Прав ли светлый безумец в своем безумии?
Не знаю… В том-то и дело, что нам легче будет решить эти вопросы, если мы переведем прозу Кросса на несколько иной этический язык — на язык «трансцендентной» бескомпромиссности и идеальной чистоты порывов, далеких от сопротивления вещей. Но герои Кросса другие. Им некуда бежать из узких стен густо застроенного мира. Они не могут воспарить, а нам этого от их имени так хочется. Отсюда — та непрерывная внутренняя тяжба, которую мы читательски ведем с Кроссом, предполагая за него решения и удивляясь, что он делает нечто неожиданное.
Думаешь: так, наверное, секрет его художественного мира в том, чтобы реальный базис был подведен под всякое идеальное представление… А он пишет «Третьи горы», где художник Келер делает натурщиком для Христа знакомого конюха, а потом злорадные оппоненты сообщают ему, что конюх дослужился до управляющего и не выпускает из начальственных рук палку. Так что остается Келеру послать своих оппонентов подальше: пусть конюх делает свое дело, а я буду делать свое — проблемы не существует.
Думаешь: так, может быть, секрет Кросса в том, чтобы в противовес иллюзиям писать трезвую правду? А он выпускает «Мартов хлеб» — озорную и прелестную сказку о том, как средневековый ученик аптекаря, обманув своего патрона, приготовил под видом скучного лекарства фантастический, неземной, воздушный «мартов хлеб» — «марципанис», и люди, отведавшие марципанов, совершенно не смущались тем, на каком безумном обмане и на какой светлой лжи замешано это угощение.

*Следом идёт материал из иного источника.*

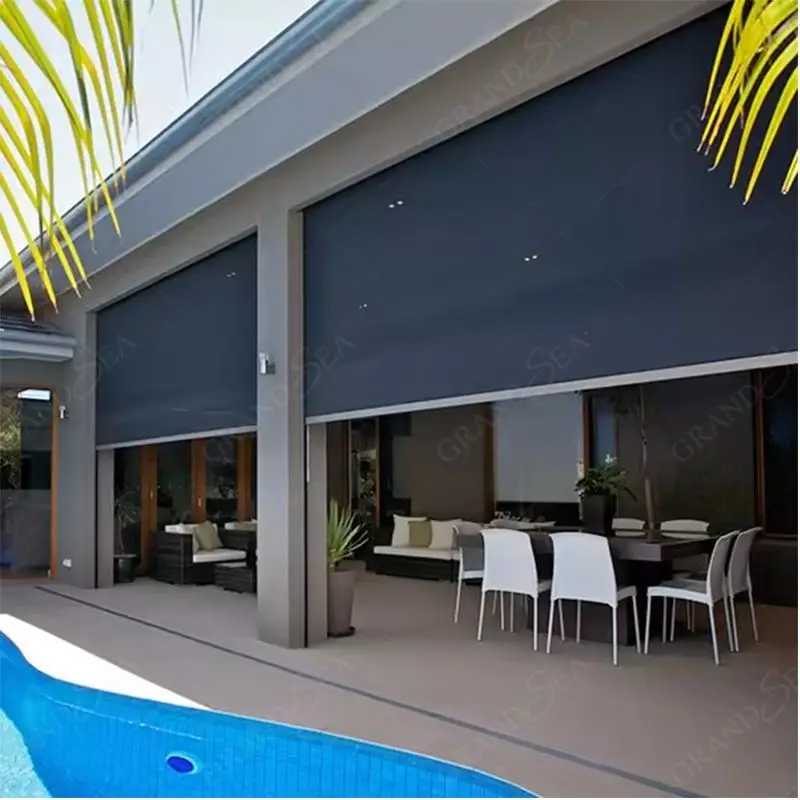 Sunshade blackout automatic motorized zip track blinds pvc garden patio windproof tubular motor zip screen outdoor roller blinds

Думаешь: так если каждый прав по-своему, то не в том ли секрет Кросса, чтобы писать и правду, и иллюзию как они есть… Сказано же у Лидии Койдулы, знаменитой дочери несчастного старика Янсена: «Если бы только можно было писать историю такой, какая она есть!» А Кросс, взявший эту строчку эпиграфом к повести, пишет роман «Три чумы» — главный многотомный труд свой — книгу о мучениях правды, записываемой «как она есть».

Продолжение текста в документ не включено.